Arm's new v9 architecture boosts AI, security, and performance

Chip designer Arm Ltd. has announced its new v9 architecture, a design that could eventually appear in the Apple Silicon powering future iPhones, iPads, and Macs.

The new Arm v9 focuses on three areas: performance, security, and machine learning (ML) capabilities. Arm says the design will provide more than a 30% CPU performance boost over the next two generations of mobile and infrastructure CPUs.

AI is another critical area Arm targeted with its v9 design. The architecture's new Scalable Vector Extension 2 (SVE2) technology will enhance ML and digital signal processing (DSP) for future devices.

Arm's SCE2 can improve processing for 5G systems, ML, voice AI assistants, and virtual and augmented reality. Apple's Arm-based chips include a Neural Engine that handles ML tasks, and the company is reportedly developing a mixed-reality headset and AR glasses.

Security is the third pillar of Arm's new design. Its Confidential Compute Architecture (CCA) "shields portions of code and data from access or modification while in-use, even from privileged software, by performing computation in a hardware-based secure environment."

The CCA will use a concept called Realms, a "region that is separate from both the secure and non-secure worlds." For example, Arm says a business application could use Realms to protect sensitive data from the rest of the system "while it is in-use, at rest, and in transit."

Apple's M1 chip, powering the latest Macs, uses an Arm design
Apple's M1 chip, powering the latest Macs, uses an Arm design

ARM says that the first devices using the v9 design will arrive by late 2021.

Chips based on the decade-old v8 design offer the best performance-per-watt in computing today. Arm-based chips power nearly every smartphone, along with many tablets and an increasing number of laptops.

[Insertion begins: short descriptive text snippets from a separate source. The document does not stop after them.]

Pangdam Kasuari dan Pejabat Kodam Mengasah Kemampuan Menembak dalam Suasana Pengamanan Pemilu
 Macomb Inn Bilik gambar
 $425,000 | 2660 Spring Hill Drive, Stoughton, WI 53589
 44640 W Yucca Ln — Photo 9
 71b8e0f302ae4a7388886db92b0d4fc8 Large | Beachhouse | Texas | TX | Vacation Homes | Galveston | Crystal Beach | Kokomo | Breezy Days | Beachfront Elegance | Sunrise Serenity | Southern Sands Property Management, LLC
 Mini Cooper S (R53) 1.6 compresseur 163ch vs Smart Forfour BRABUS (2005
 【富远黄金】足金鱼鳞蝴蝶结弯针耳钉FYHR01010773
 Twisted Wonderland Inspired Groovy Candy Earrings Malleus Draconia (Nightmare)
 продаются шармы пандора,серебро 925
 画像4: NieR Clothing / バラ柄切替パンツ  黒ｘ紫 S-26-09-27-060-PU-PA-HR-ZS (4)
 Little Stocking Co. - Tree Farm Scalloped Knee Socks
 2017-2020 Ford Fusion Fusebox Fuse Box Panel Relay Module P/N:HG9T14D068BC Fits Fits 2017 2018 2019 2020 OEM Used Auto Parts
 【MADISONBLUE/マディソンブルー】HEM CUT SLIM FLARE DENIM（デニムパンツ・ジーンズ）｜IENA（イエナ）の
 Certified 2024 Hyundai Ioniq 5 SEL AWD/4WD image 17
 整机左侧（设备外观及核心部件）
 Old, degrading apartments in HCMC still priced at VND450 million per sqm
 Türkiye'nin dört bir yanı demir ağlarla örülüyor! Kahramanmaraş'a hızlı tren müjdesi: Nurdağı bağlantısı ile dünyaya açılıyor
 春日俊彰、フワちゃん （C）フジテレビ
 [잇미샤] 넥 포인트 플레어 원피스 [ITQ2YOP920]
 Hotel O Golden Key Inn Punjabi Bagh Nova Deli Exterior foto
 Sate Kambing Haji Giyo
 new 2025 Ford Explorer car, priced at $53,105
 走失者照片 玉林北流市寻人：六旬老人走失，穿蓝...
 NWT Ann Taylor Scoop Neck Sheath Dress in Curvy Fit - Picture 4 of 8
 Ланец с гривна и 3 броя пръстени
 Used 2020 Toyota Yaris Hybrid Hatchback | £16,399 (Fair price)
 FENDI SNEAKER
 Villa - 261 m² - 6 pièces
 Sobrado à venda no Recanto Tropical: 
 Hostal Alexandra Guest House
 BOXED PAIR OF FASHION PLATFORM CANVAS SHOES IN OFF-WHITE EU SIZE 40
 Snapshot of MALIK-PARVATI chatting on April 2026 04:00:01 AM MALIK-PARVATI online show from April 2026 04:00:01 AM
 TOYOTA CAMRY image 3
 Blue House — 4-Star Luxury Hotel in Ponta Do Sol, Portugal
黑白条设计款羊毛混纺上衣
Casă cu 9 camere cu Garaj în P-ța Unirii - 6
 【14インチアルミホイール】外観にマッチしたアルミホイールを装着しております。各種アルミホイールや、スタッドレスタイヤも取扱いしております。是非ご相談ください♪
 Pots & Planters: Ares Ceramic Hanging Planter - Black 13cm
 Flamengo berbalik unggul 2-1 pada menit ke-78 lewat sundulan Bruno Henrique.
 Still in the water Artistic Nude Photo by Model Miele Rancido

Apple Silicon, which uses an Arm v8-based design, will soon power every Apple computing product. All iPhones and iPads use Apple Silicon chips, and the company is in a two-year transition that will end with all Macs running Apple's Arm-based silicon. The Arm-based M1 chip powers the latest MacBook Air, MacBook Pro, and Mac mini.

Nvidia is in the process of buying Arm Ltd. for a record-breaking $40 billion.